RECORDS FOR PROCESSING Block Start

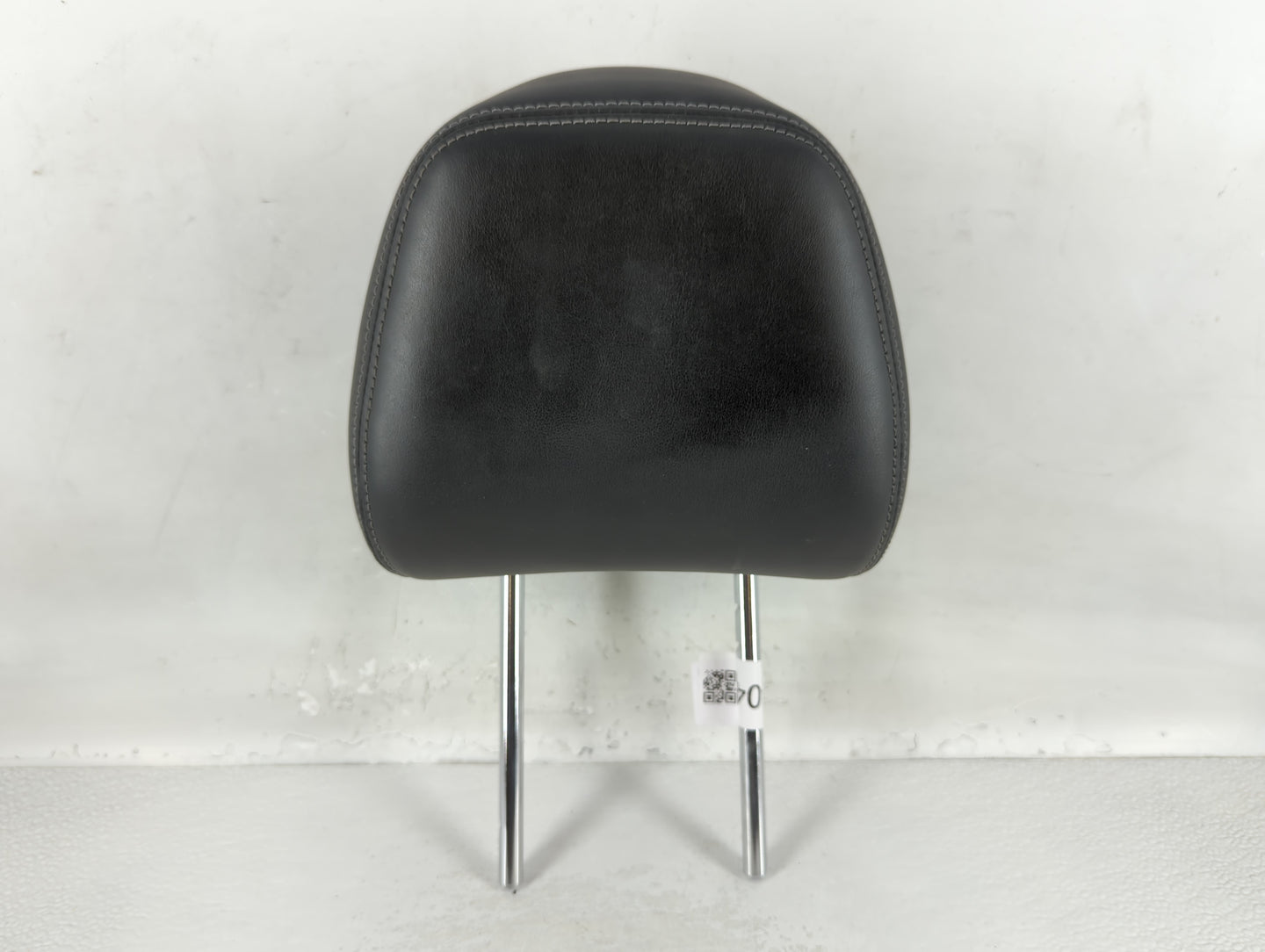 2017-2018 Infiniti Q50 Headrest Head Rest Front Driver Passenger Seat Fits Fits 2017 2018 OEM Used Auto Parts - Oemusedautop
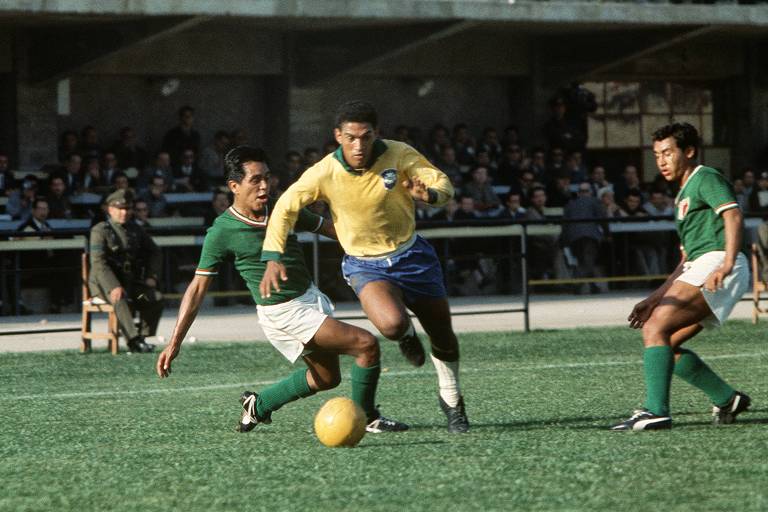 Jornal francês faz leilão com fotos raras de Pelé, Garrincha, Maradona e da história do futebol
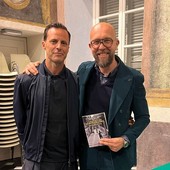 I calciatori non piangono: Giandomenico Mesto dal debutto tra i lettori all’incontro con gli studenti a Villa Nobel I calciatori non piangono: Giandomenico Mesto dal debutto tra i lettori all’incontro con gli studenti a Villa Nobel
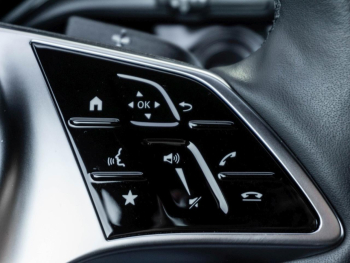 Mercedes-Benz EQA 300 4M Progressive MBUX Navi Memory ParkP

RECORDS FOR PROCESSING Block End
RECORDS FOR PROCESSING Block Start

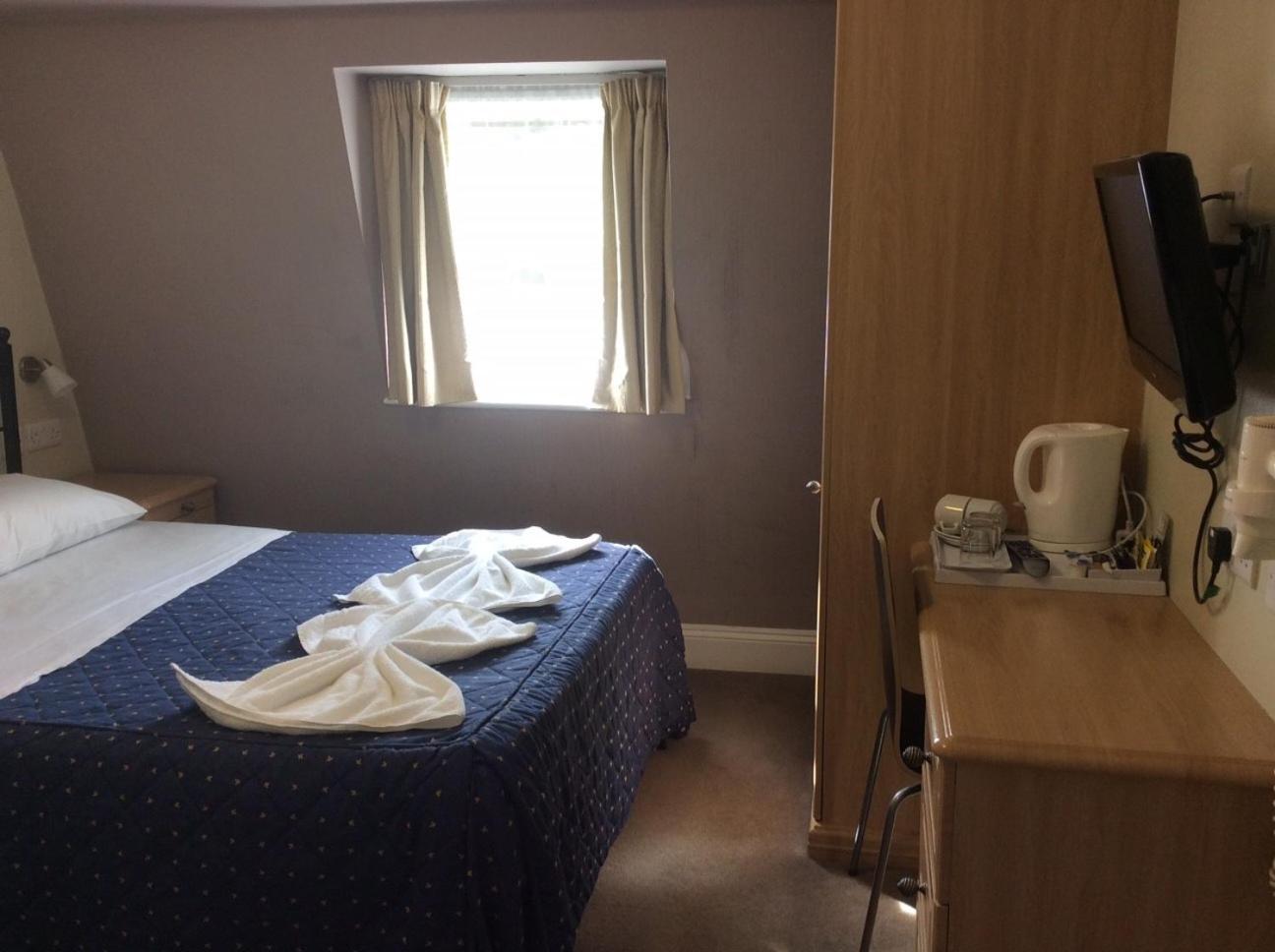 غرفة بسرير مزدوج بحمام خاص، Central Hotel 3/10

RECORDS FOR PROCESSING Block End

_WORK ORDER_
Once the line with "2017-2018 Infiniti Q50" is found above, transcribe each line from it through the line with "Jornal francês faz", exactly, and omit the pictures.

_WORKED SOLUTION_
 2017-2018 Infiniti Q50 Headrest Head Rest Front Driver Passenger Seat Fits Fits 2017 2018 OEM Used Auto Parts - Oemusedautop
 Jornal francês faz leilão com fotos raras de Pelé, Garrincha, Maradona e da história do futebol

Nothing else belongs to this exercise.